Visual Velocity.
Building High-Performance Landing Pages: Framer Motion, Three.js, and Core Web Vitals
A perfectly optimized backend means nothing if your landing page feels janky. Users open your site, scroll through a 3D animation, and the frame rate drops from 60fps to 12fps. They close the tab. Your conversion rate suffers.
This is the performance paradox: the most impressive features—3D graphics, scroll animations, micro-interactions—are also the slowest. Adding a Three.js scene to a landing page can tank your Core Web Vitals instantly.
I learned this building the OrdersPilot landing page. We wanted cinematic 3D scroll animations to demonstrate product flows. It looked incredible, but it also maxed out the CPU and tanked performance on mobile. The solution wasn't removing 3D—it was learning to do it **efficiently**.
The Problem: 3D + Scroll = Jank
The Rendering Bottleneck
- 1. User scrolls the page
- 2. Scroll event fires (60+ times per second)

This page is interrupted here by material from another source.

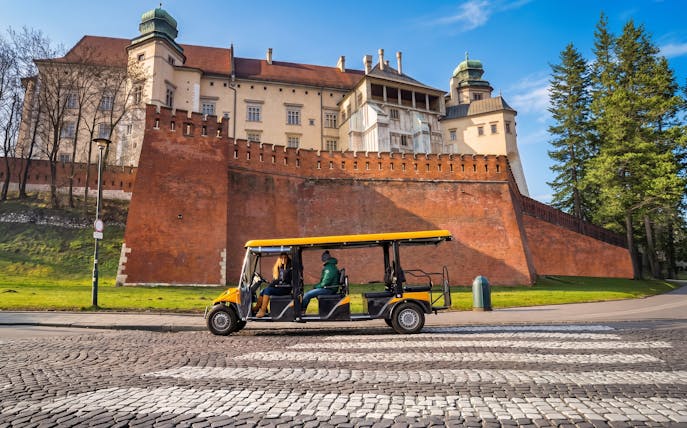Golf cart tour passing Wawel Castle in Krakow Old Town.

- 3. Scroll handler updates Three.js camera positions
- 4. Three.js re-renders the scene (expensive)
- 5. Framer Motion animates UI elements
- 6. Browser paints the result
- 7. Frame takes 50ms to render (should be 16ms) → JANK
The Solution: Scroll Virtualization
The key insight: **don't re-render everything on every scroll event**. Instead, use a scroll virtualization library like **Lenis**. It decouples scroll events from the render loop.
// Smooth Scroll with Lenis
const lenis = new Lenis({
duration: 1.2,
smoothWheel: true
});
function raf(time) {
lenis.raf(time);
requestAnimationFrame(raf);
}
requestAnimationFrame(raf);Core Optimizations
01. Three.js with RequestAnimationFrame
Don't sync Three.js to scroll events. Let it render at 60fps independently and update positions based on the current scroll progress.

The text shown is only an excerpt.